Randomness is such a poorly-defined concept. For a probability distribution over a continuous vector space described by a continuous function, given a vector there is usually some neighborhood of vectors nearby that are considered "pretty much the same". With binary data, however, the assumption is that any difference in bit values in essence gives you something completely different. The goal of randomness for binary data is to therefore make all possible combinations of 0s and 1s of a given length seem equally likely. In reality, however, if the bits are independent Bernoulli random variables with p=0.5 then the number of 1s over N bits has a distribution of Binomial(N,0.5). Since the variance is linear wrt N, as the number of bits increases the confidence interval around 0.5*N converges to 0.5*N itself. Since this should also apply to all members of the power set of N bits, that implies that the probability of any discernible order to the bits should decrease as the length of the given subset increases. This obviously isn't possible, since the set containing all of the 1 elements, and all of that set's subsets, are in the power set of N bits. Additionally, there are 2^N elements in the power set, so even for a "modest" sample such as 64 bits it's intractable to verify that the desired randomness exists.
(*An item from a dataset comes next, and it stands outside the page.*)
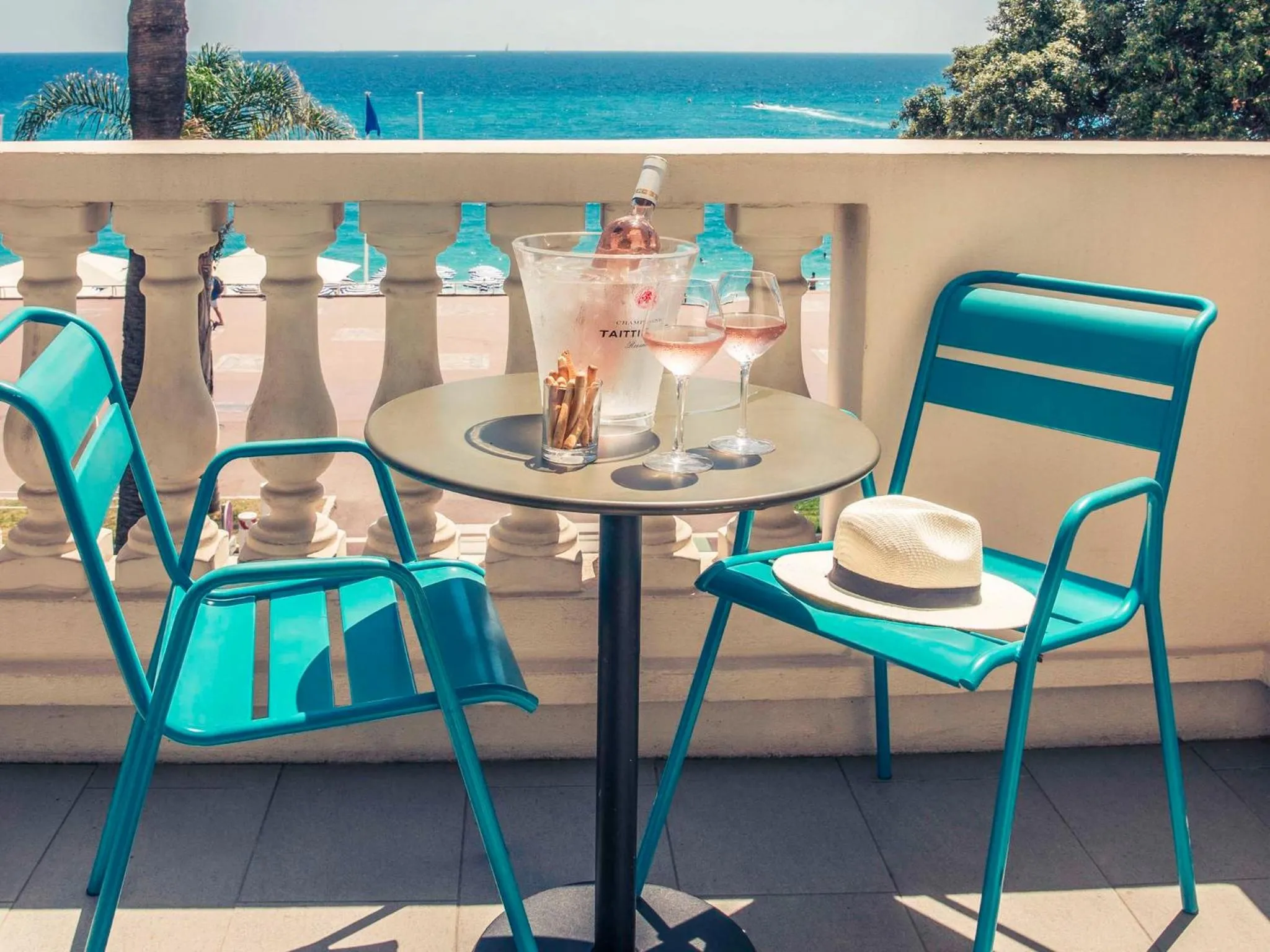 Balcony/Terrace in Mercure Nice Marché Aux Fleurs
Much like the concept of hashing, where in general there are more sets of data of a given length with a given hash value than there are possible hash values, you can't account for all sources of order in the data. You need to determine the ways that order within the data can be useful to an adversary, which will vary by application, and attempt to make its exploitation disadvantageous. The best way to do that is to obscure how the data is transformed into the "publicly-observable final product", which will prevent inference of the most epistemically-useful ways to attack the data.
Kevin Barry

H_TeXMeX_H · 04-12-2012, 12:37 PM

I suppose I could buy one, but I am reluctant to buy any of those because they don't provide any sample data that it generates.

From the above tests I only trust /dev/random and hotbits (uses geiger counter). Other methods may just produce pseudorandom data.

H_TeXMeX_H · 04-12-2012, 01:39 PM

EDIT: Wrong info removed.

Nominal Animal · 04-13-2012, 09:21 AM

How about using a Xorshift PRNG, and using the random/non-random data to perturb its state continouously?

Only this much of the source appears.